= Cable 1971 =

Cable 1971 or File 1971 refers to a confidential intelligence communication circulated within Pakistan's military establishment in late 1952, summarizing reactions of service personnel to the Basic Principles Committee (BPC) report, which outlined proposals for Pakistan's constitutional framework. The reactions were requested through a priority signal sent by the Inter-Services Intelligence (ISI) to Services Headquarters.

==Details==
In late December 1952, the Inter-Services Intelligence sent a priority signal to the Services Headquarters asking for detailed reactions of service personnel to the Basic Principles Committee report. Deputy Director Naval Intelligence Commander S. M. Ahsan replied with their reactions:

"a. The creation of Committee of Ulema to veto the decisions taken in the House of People on religious matters, gives excess of powers to Ulema over the rights of elected representatives of the people. This gives an impression of Pakistan as being a Theocratic State.

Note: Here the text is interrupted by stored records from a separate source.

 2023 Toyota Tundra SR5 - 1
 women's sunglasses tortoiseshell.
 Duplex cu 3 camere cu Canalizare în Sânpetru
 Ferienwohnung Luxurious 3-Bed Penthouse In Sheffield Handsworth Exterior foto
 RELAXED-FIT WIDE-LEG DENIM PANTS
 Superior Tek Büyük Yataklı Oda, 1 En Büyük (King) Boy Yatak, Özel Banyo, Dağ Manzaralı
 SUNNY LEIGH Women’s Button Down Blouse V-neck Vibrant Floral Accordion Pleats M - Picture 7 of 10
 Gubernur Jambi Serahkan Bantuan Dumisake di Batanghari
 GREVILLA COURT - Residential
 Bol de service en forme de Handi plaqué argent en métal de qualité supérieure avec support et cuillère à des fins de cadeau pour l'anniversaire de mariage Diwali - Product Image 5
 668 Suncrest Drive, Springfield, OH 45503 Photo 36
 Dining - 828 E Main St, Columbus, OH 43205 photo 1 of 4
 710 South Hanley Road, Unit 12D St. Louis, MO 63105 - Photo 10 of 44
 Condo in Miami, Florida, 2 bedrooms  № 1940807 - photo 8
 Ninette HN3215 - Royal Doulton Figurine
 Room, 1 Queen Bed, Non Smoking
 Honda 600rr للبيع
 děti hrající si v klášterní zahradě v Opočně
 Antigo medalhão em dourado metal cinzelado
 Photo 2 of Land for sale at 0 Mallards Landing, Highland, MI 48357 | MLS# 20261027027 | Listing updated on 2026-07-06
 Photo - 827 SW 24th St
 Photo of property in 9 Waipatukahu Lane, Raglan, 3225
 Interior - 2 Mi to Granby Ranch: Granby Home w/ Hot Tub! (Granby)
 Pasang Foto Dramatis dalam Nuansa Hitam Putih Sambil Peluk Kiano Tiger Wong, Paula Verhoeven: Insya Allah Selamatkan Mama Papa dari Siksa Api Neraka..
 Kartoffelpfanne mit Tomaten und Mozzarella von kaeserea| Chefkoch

b. To recommend that the head of the state should be a Muslim will unnecessarily create suspicions in minds of the minorities in Pakistan. The choice to select the head of the state should be left entirely to the people, to select without prejudice to caste, colour and creed.

c. It is maintained by same officers that a single House elected on population basis should have been envisaged, and we should cease to think in terms of Bengalis and Punjabis etc. The parity between West & East Pakistan will ultimately result in the division of Pakistan into two different groups, therefore, it is the very negation of one people, one country and one culture."